Suppose you started with a population of 7 billion and they kept dying at these rates. As we saw above, every 1020 years reduces this original population by half; every 7000 years reduces it by a factor of 116. After 7000 years, you'd have about 60 million members of that original population left alive; after 14000 years, you'd have 500 thousand; after 21000 years, less than 5 thousand. At 30000 years, the expected number of living members of that original population is slightly below 10, and by 34000 years it drops below 1, meaning that you should consider yourself lucky if even one of those original 7 billion elves is still alive.
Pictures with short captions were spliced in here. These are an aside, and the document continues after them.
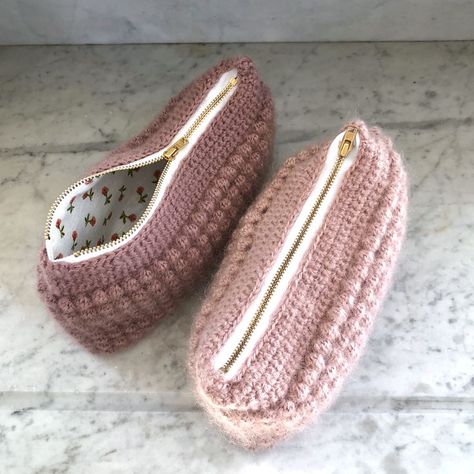 Copenhagen Crochet, Syprosjekter For Nybegynnere, Crochet Wallet, Crochet Business, Beginner Crochet Projects, Wallet Pouch, Diy Crochet Projects, Crochet Top Pattern, Embroidery Fashion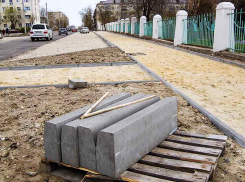 В Камышине дождались своего часа тротуары на улице Мира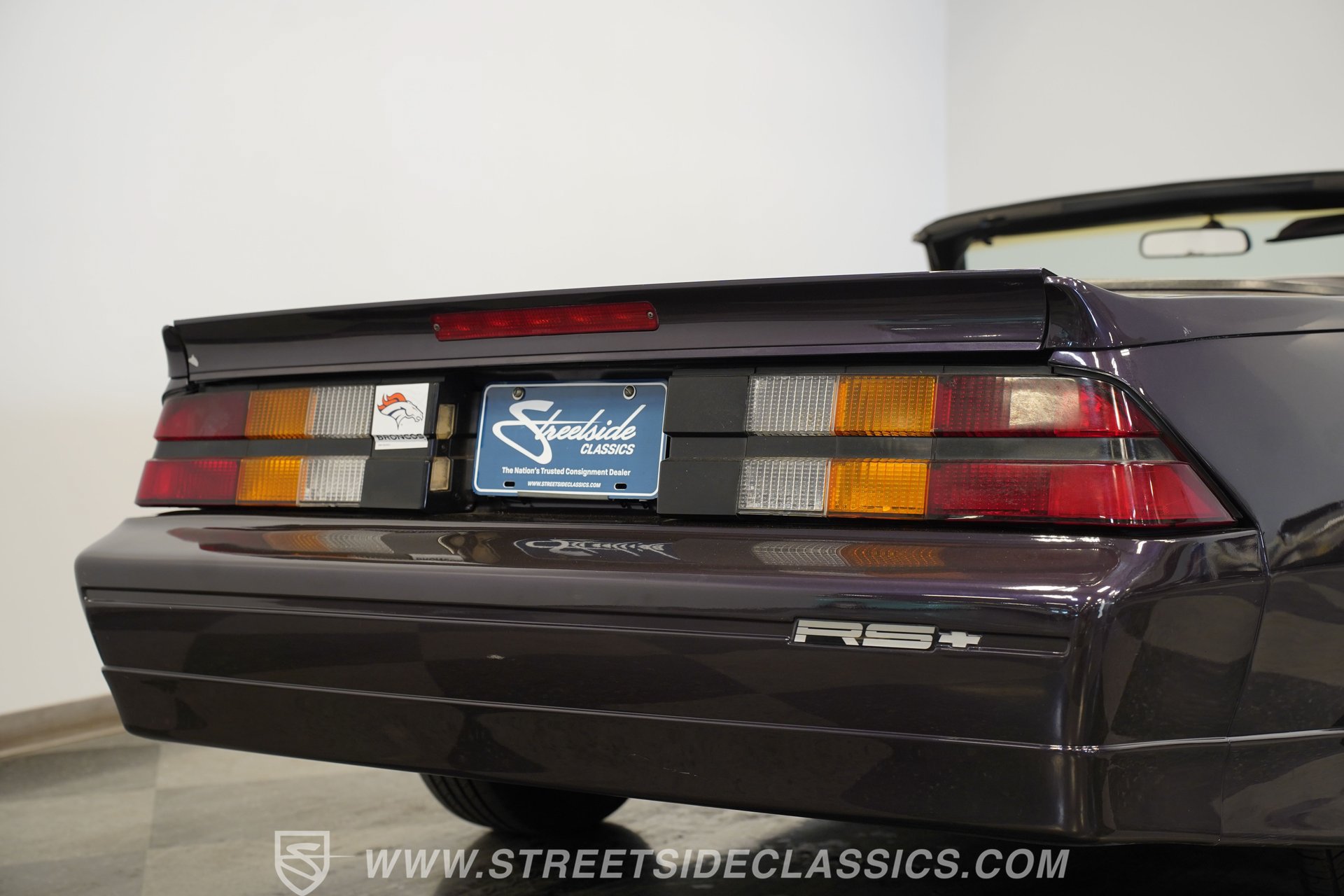 Used 1989 Chevrolet Camaro RS RWD image 31
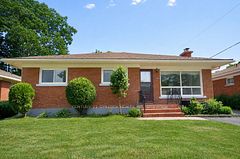 2148 Iris Street, Belair Park - Copeland Park and Area, ON K2C 1B3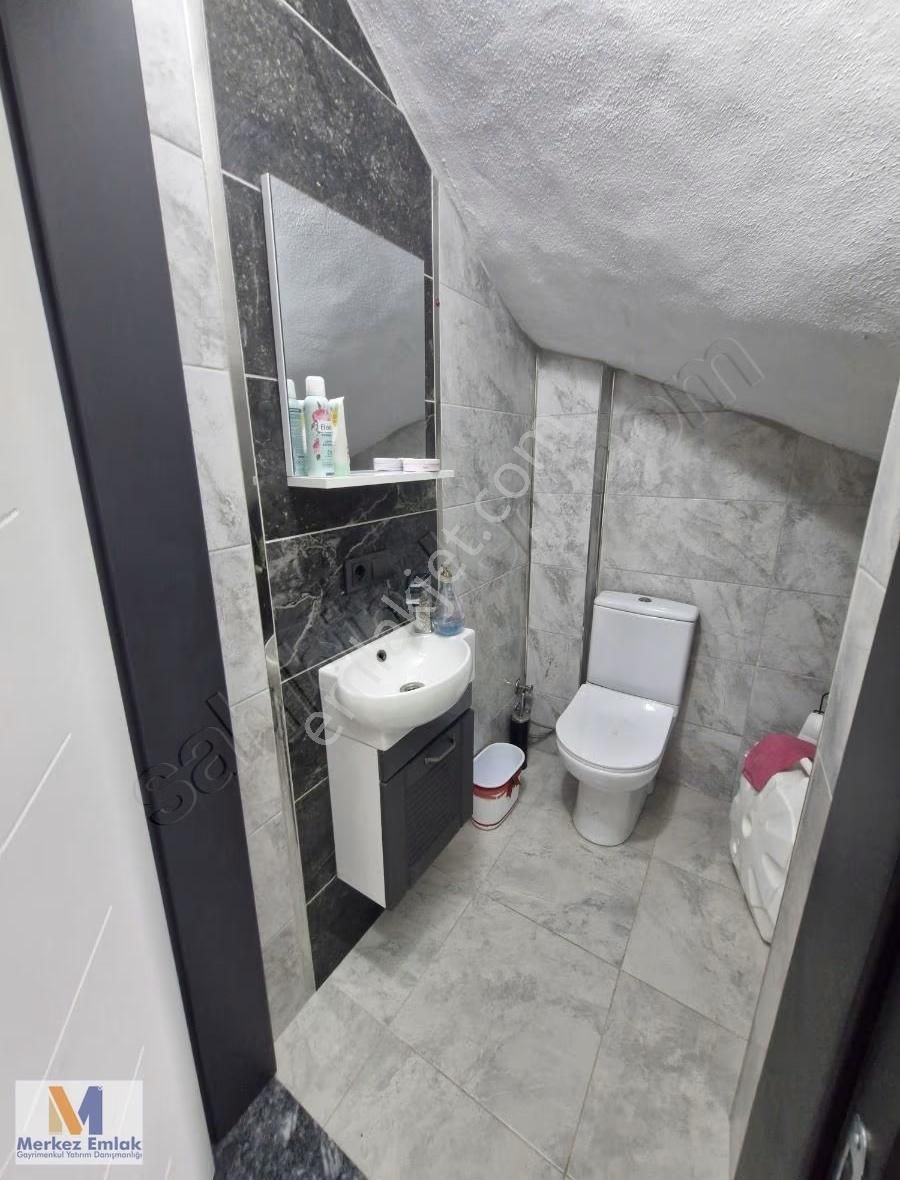 Merkez'den 3+1 Üç Cephesi Bahçeli Satılık Villa - Görsel 17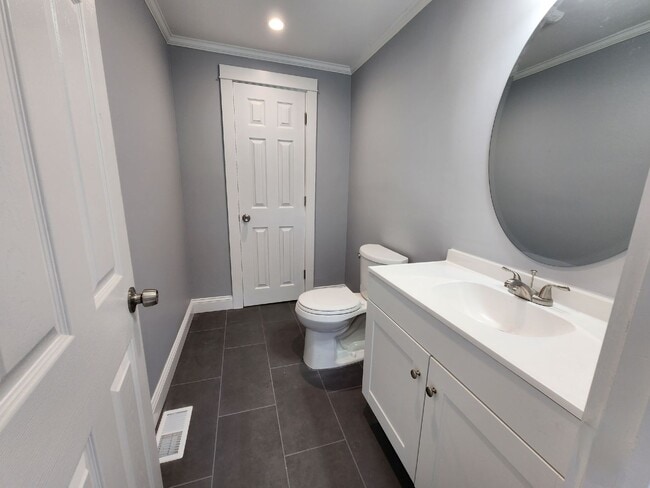 Building Photo - A Terrific Home For Your Family in Paramus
Sure, 30000 years isn't bad — but it's a far cry from true immortality.
Tolkien would have us believe that Elves sooner or later either leave Middle-Earth by sailing from the Gray Havens, or they just sort of fade away. Well, I suppose that sounds more poetic than the sordid truth: road traffic accidents, suicide — and falls! Those damn banana peels! I can almost imagine Morgoth floating through the Timeless Void, munching on a banana with a satisfied chuckle.